All quotations are from Peter Harrison. 1998. The Bible, Protestantism, and the rise of natural science. Cambridge, U.K.: Cambridge University Press. Page number references from this book are given at the beginning of each section. [Bold print in the quotations indicates emphasis added.]


(page 8) . . . I shall be arguing for an indirect, even diffuse, influence of Protestantism on the development of modern science. The specific agent which I wish to identify as having been a major catalyst in the emergence of science, however, is the Protestant approach to the interpretation of texts — a central feature of the Reformation which up until now has received surprisingly little attention in literature on the relationship between Protestantism and science. While I do not wish to be seen as setting out a monocausal thesis for the rise of modern science, for there is no reason why a range of factors should not play some role, yet I shall argue that of these factors by far the most significant was the literalist mentality initiated by the Protestant reformers, and sponsored by their successors.
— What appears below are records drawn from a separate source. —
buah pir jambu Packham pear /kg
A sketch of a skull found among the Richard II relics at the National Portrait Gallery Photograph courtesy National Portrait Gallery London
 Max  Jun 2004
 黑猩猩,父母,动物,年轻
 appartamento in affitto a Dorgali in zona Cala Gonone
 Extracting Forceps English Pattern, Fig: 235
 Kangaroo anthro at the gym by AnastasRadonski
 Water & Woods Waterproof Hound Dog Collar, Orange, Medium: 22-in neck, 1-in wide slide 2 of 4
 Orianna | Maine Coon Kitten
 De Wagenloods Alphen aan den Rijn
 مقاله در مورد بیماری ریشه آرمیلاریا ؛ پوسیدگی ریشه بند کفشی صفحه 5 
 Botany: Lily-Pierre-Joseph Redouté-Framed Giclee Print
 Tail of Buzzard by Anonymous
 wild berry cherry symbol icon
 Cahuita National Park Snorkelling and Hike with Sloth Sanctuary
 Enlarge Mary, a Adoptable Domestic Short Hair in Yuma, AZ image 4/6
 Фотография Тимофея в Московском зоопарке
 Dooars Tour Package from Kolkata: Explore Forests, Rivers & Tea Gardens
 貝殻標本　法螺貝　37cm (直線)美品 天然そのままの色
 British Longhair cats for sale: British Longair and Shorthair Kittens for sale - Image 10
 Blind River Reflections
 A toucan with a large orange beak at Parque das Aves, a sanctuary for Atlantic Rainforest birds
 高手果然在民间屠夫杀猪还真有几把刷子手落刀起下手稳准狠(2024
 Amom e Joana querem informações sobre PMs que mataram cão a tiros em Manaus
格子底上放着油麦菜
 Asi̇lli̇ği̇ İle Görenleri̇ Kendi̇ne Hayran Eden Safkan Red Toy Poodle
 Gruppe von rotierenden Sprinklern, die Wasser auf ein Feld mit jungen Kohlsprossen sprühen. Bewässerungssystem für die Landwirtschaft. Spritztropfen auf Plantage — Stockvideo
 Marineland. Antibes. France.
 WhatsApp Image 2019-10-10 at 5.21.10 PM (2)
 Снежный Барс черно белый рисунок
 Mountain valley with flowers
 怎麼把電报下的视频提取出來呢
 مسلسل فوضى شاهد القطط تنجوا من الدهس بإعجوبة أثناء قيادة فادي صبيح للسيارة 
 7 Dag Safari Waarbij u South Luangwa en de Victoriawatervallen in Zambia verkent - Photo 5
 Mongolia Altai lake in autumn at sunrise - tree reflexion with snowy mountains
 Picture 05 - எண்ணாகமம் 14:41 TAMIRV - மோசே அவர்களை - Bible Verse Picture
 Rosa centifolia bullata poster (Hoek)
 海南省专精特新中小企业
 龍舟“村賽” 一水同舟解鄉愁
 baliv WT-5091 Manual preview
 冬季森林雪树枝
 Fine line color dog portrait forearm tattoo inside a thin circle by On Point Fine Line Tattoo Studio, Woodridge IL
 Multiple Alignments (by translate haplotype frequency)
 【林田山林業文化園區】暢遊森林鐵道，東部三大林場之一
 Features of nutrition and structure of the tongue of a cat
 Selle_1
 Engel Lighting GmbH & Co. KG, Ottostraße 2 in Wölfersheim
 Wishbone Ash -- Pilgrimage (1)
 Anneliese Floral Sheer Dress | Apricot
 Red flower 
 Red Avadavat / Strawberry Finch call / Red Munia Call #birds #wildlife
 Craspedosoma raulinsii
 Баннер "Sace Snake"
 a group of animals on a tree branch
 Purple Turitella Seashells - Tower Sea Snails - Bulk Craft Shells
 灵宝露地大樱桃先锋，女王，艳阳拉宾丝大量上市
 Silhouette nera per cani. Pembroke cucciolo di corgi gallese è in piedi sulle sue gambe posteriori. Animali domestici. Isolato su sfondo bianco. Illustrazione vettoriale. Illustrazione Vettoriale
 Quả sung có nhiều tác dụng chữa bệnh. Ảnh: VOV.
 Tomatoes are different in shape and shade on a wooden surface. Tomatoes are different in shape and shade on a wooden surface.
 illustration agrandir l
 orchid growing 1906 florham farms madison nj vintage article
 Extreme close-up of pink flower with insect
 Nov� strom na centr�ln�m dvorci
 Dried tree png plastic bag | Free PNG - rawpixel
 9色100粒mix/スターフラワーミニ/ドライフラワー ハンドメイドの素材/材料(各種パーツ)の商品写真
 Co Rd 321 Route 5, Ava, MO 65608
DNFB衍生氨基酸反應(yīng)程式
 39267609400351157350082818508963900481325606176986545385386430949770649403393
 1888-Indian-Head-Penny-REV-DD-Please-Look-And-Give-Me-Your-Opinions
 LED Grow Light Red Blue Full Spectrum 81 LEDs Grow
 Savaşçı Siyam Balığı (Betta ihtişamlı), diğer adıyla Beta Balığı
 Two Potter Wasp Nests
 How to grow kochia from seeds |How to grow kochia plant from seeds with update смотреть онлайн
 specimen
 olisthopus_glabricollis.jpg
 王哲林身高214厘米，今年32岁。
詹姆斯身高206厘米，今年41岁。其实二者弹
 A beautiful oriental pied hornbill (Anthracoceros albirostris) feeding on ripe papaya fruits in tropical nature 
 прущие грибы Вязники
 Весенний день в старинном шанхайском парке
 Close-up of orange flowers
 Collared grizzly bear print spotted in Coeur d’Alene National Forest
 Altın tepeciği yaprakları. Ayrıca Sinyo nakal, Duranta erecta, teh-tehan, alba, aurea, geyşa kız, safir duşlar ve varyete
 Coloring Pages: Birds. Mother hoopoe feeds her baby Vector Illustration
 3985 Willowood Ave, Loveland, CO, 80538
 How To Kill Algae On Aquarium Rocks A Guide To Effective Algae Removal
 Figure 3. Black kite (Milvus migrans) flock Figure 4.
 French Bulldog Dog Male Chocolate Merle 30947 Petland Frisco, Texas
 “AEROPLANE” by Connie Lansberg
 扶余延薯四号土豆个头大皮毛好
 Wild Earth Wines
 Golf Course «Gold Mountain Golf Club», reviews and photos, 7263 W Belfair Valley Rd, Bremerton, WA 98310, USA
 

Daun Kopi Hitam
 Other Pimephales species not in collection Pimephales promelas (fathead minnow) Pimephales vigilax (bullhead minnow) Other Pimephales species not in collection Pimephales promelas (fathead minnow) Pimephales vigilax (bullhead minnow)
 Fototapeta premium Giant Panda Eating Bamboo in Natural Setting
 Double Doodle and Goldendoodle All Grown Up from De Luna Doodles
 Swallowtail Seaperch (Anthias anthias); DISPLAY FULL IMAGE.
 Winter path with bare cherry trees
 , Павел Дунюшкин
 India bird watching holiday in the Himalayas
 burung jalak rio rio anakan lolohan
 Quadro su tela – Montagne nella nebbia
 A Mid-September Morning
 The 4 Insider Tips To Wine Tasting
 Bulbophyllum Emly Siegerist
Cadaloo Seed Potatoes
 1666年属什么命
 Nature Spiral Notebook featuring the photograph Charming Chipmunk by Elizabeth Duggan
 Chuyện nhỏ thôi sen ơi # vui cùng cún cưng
(page 97) The Reformation was an attempt to reconstruct Christian religion from its origins, and those origins were to be discovered in the New Testament. Because the authority of Christianity was now to be located, not in the total history of the Church, but in that short period in which the apostles lived, taught, and wrote, historical criticism of the biblical texts took on an unprecedented importance. The enterprise of natural history [later called “science”], during its constructive phase at least, was similarly the reconstruction or restoration of a past discipline which had been created by Aristotle, Theophrastus, Dioscorides, and to a lesser extent, Pliny.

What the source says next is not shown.